Brown, James (1709-1788) (DNB00)
|←Brown, Ignatius||Dictionary of National Biography, 1885-1900, Volume 07
Brown, James (1709-1788)
|Brown, James (1812-1881)→|
BROWN JAMES (1709-1788), traveller and scholar was son of James Brown MD of Kelso in Roxburghshire where he was born on 23 May 1709. He received his education at Westminster School, 'where he was well instructed in the Latin and Greek classics,' notwithstanding that he must have left school at the early age of thirteen as in the year 1722 he went with his father to Constantinople. During the three years of his stay in the East on this occasion the boy, 'having a great natural aptitude for the learning of languages acquired a competent knowledge of Turkish, vulgar Greek, and Italian.' In 1725 he returned home, and 'made himself master of the Spanish language.' About the year 1732 he conceived for the first time (it has been said) the idea of a 'Directory of the Principal Traders in London.' A 'Directory' upon a similar plan had however been already published in London as early as 1677. After having been at some pains to lay the foundation of it, he gave it to Henry Kent, printer, in Finch Lane, Cornhill, who made a fortune by the publication. In 1741 he attempted to carry out a more ambitious project namely to establish a trade with Persia via Russia. Having entered into an agreement for the purpose with twenty-four of the principal merchants of London members of the Russia Company, he sailed for Riga on Michaelmas day 1741, 'passed through Russia down the Volga to Astrachan, and sailed along the Caspian Sea to Reshd in Persia, where he established a factory in which he continued, near four years. While there he was the bearer of a letter from George II to Nadir Shah. Dissatisfied with his employers and impressed with the dangers to which the factory was exposed from the unsettled nature of the Persian government, he resigned his post and reached London on Christmas day 1746.

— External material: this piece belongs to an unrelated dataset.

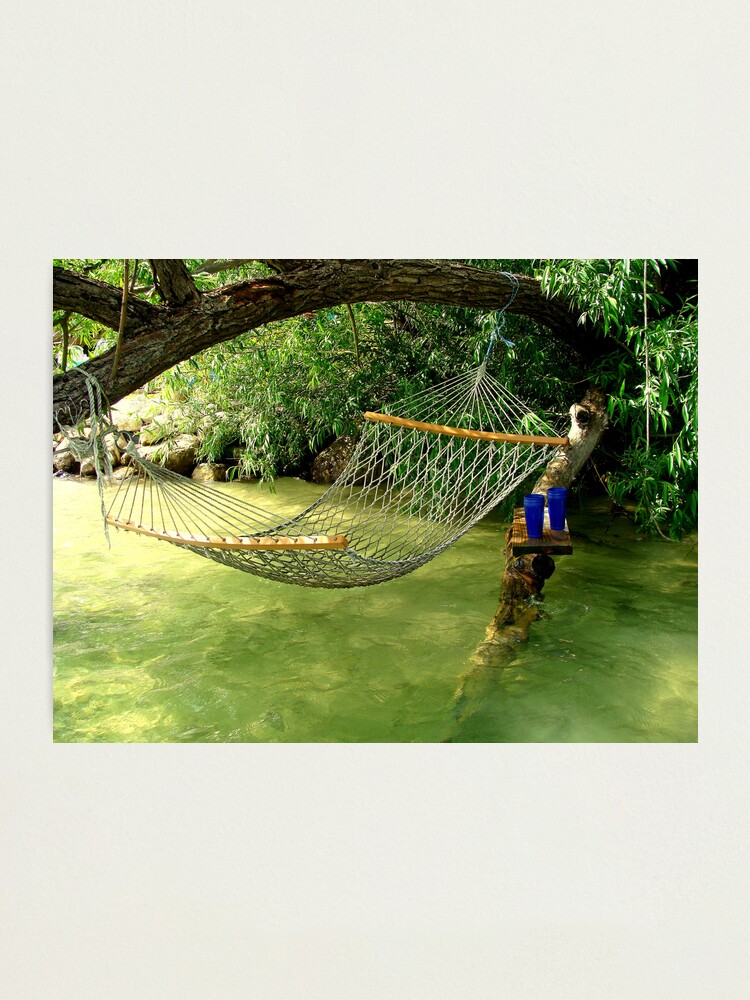 Alternate view of Faraway Dream Photographic Print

The following year the factory at Reshd was plundered, and a final period put to the Persia trade. His old aptitude for languages enabled him during his four years' stay at Reshd to acquire such proficiency in Persian that on his return he compiled 'a copious Persian Dictionary and Grammar,' which however was never published. Lysons states that Brown was also the author of a translation of two orations of Isocrates, published anonymously. He died of a paralytic stroke on 30 Nov 1788, at his house in Stoke Newington where he had resided since 1734, and was buried in the parish church of St Mary, where there is a tomb erected to his memory Lysons iii 290).
[Gent Mag lviii pt ii p 1128; Lysons's Environs of London, iii. 301-2.]